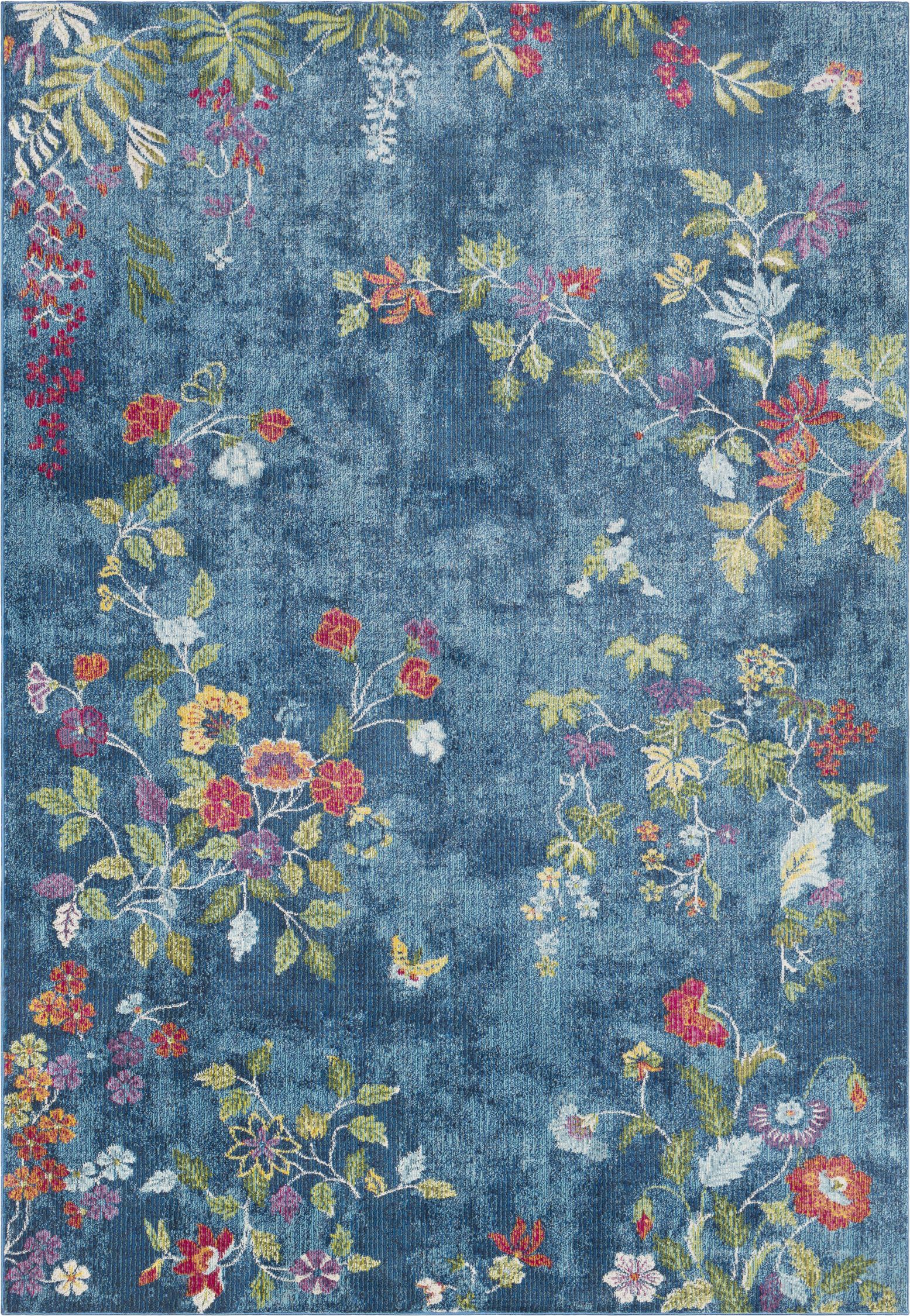 Bright Colored Floral area Rugs ask 2334 Color Bright Blue Size 7 10" X 10 3"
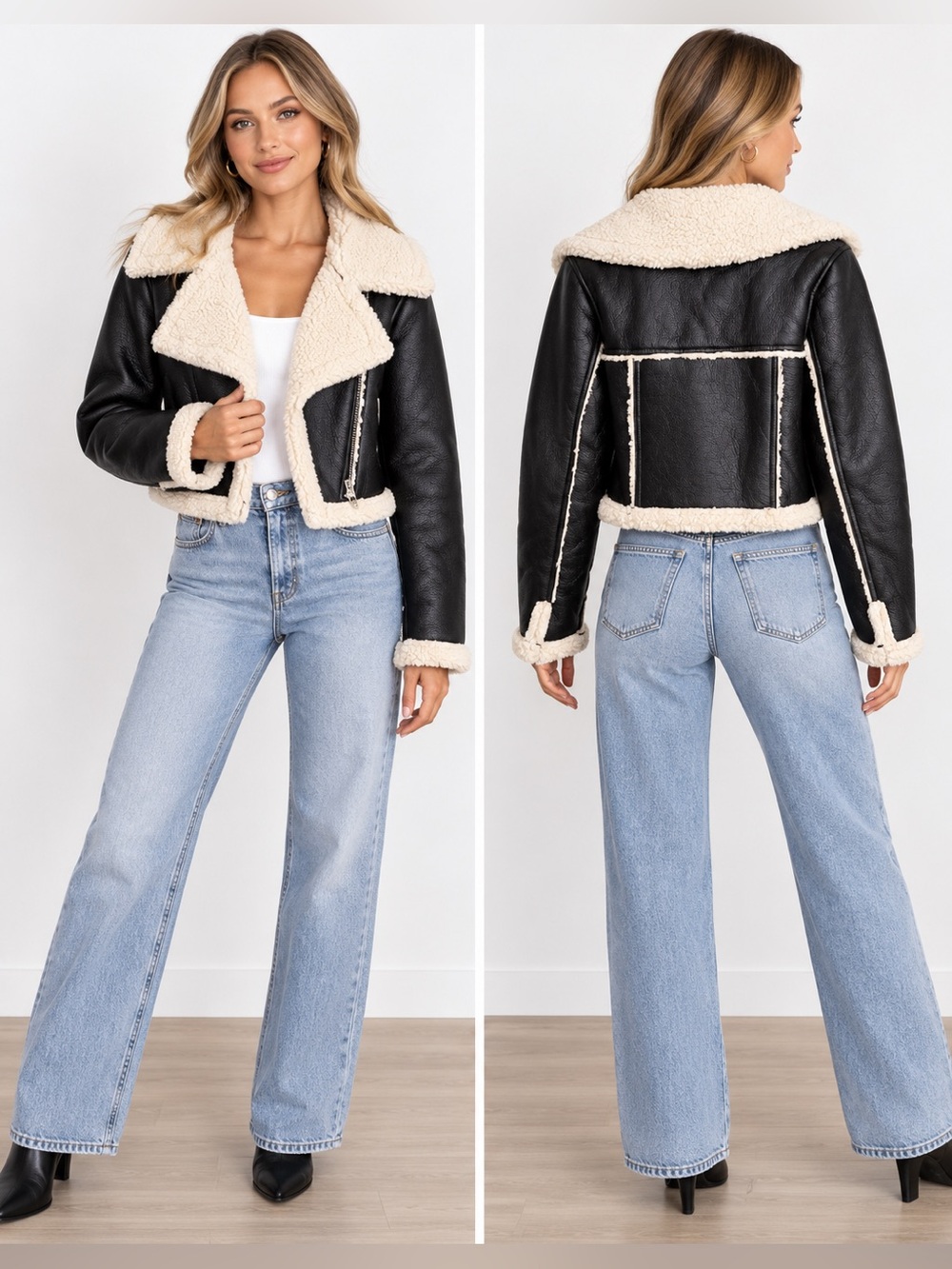 Cider Faux Shearling Collar Crop Jacket Black & White XS
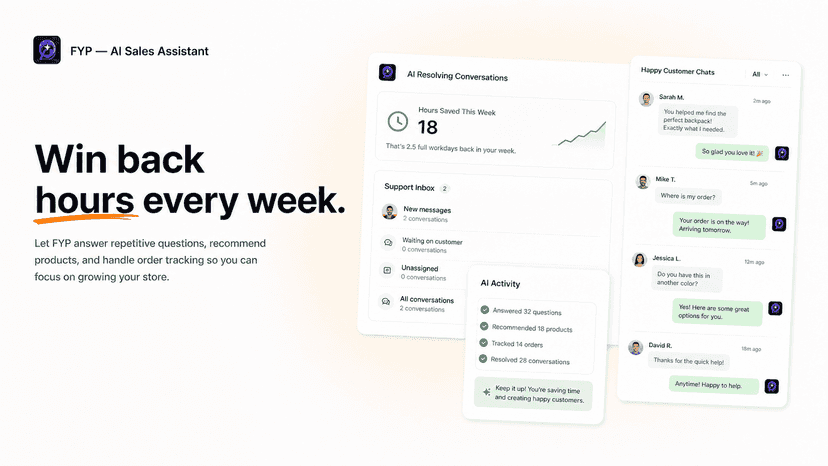 win back hours every week - ai sales support
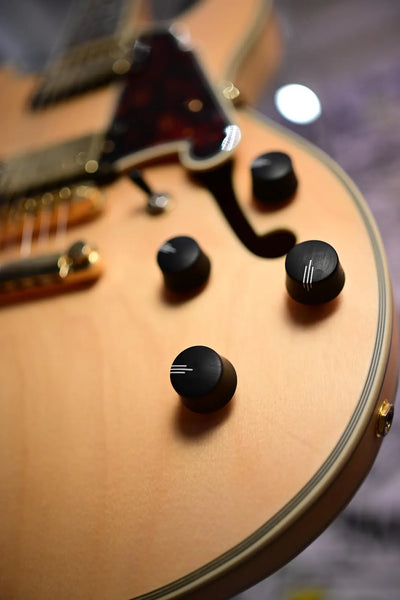 D'Angelico DELUXE MINI DC Series Semi Hollow-Body Electric Guitar (Satin Honey) with Hard Shell Case - New Open Box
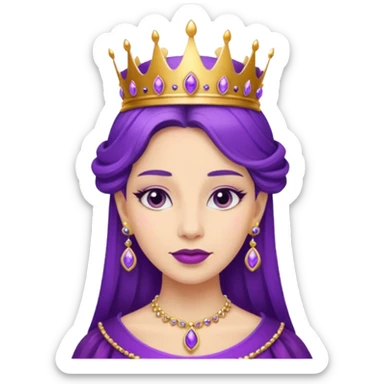 purple queen in alice wonderland,earring sticker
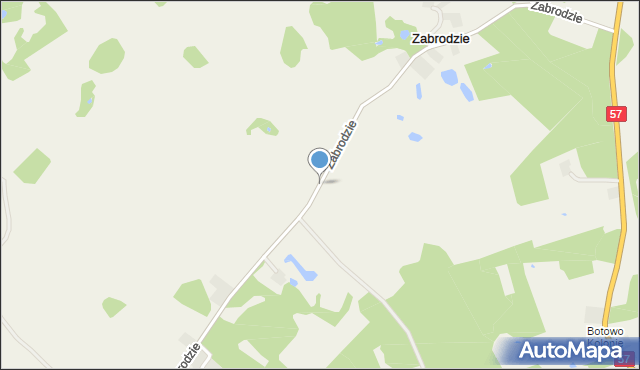 Zabrodzie gmina Biskupiec, Zabrodzie, mapa Zabrodzie gmina Biskupiec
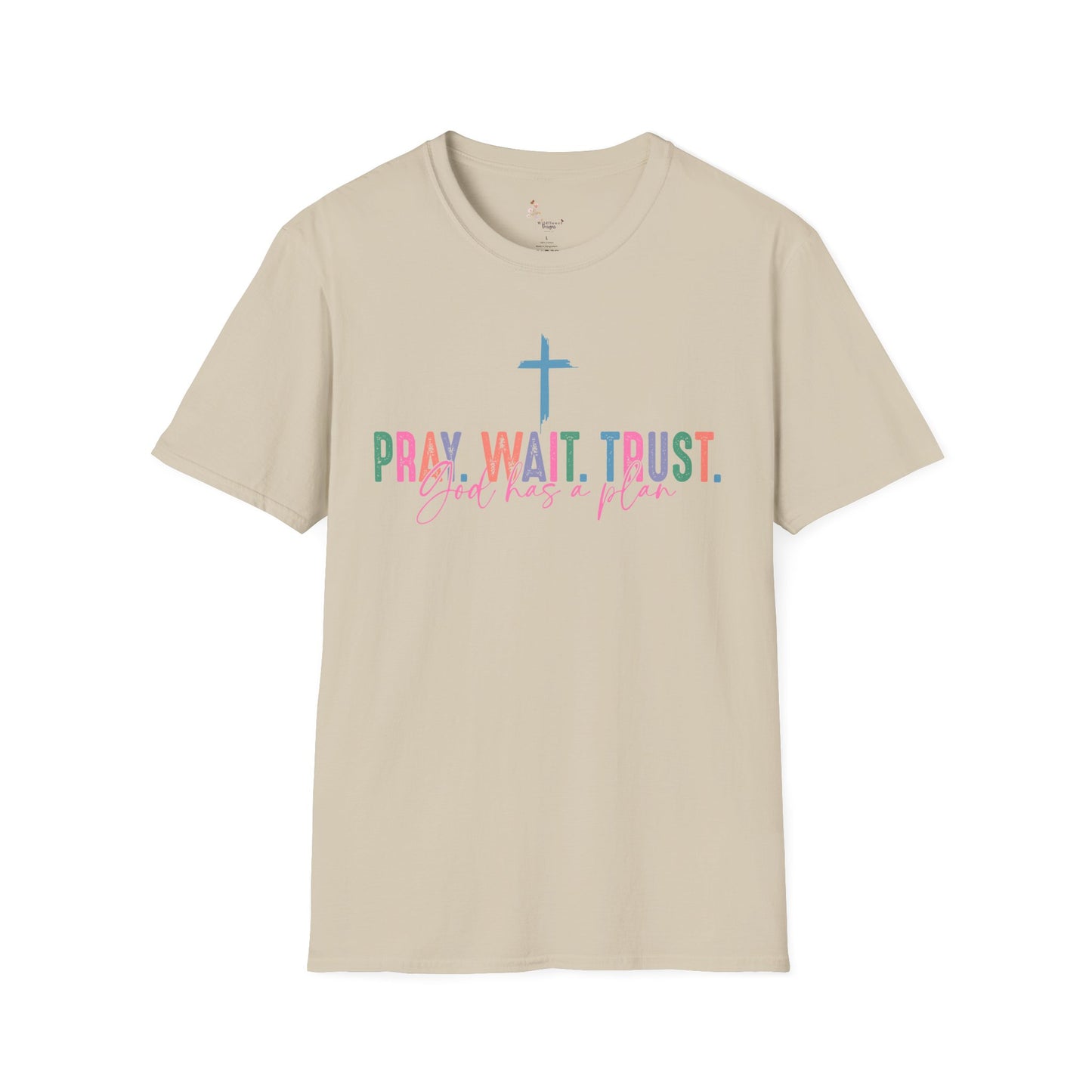 Faith-Inspired Unisex T-Shirt, Pray Wait Trust Tee, Christian Apparel, Motivational Gift, Casual Faith Wear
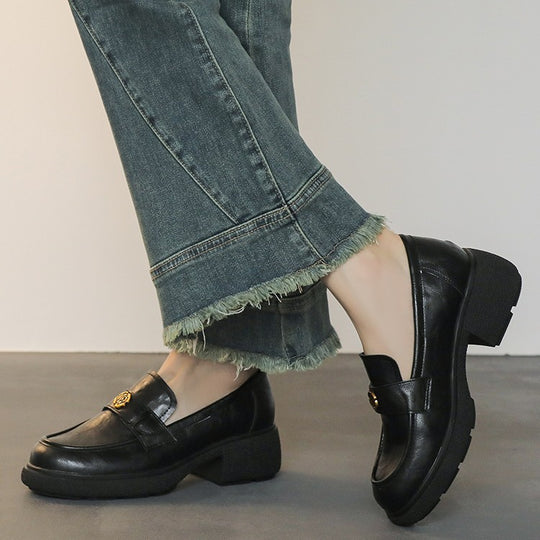 Damen Komfortable Mokassin-Lauflernschuhe mit modischer Schnallen-Applikation R&B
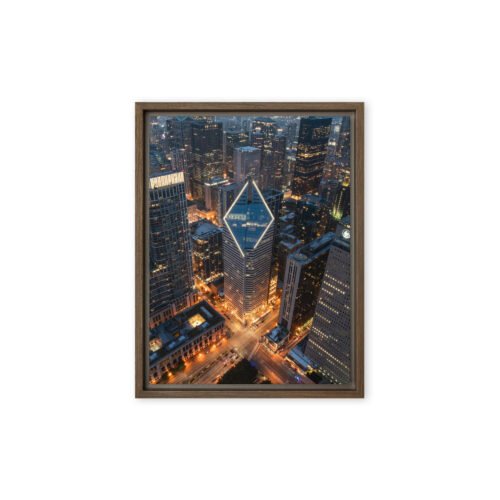Chicago Diamond Skyline Framed Canvas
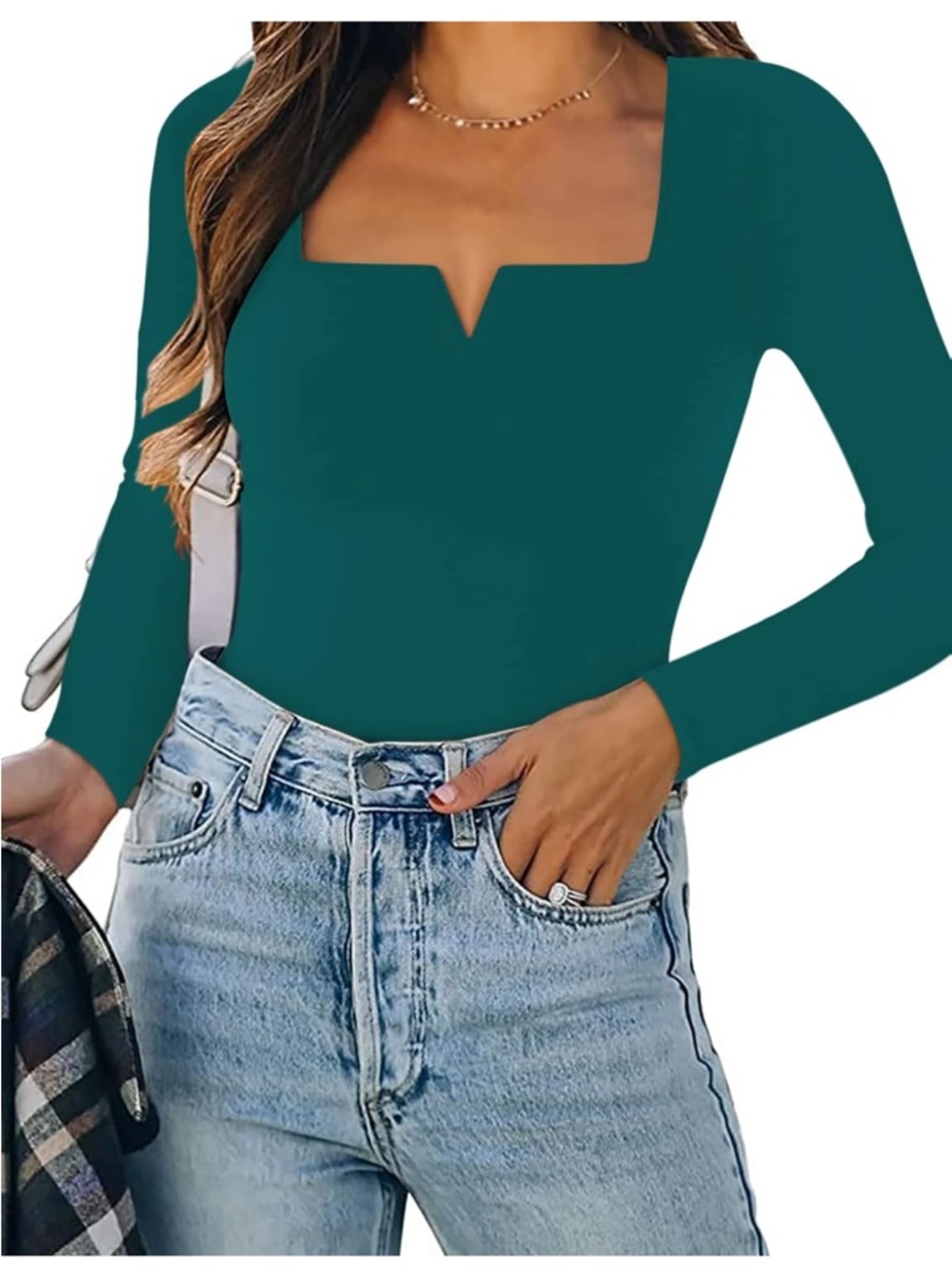 Square Neck Bodysuit in Teal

» **ACTION ITEM**
Nothing but the lines from the line containing "Faith-Inspired Unisex T-Shirt, Pray" through the end of the records belongs in the answer, written out exactly, both ends included, without pictures.

» **ANSWER TO THIS PROBLEM**
 Faith-Inspired Unisex T-Shirt, Pray Wait Trust Tee, Christian Apparel, Motivational Gift, Casual Faith Wear
 Damen Komfortable Mokassin-Lauflernschuhe mit modischer Schnallen-Applikation R&B
Chicago Diamond Skyline Framed Canvas
 Square Neck Bodysuit in Teal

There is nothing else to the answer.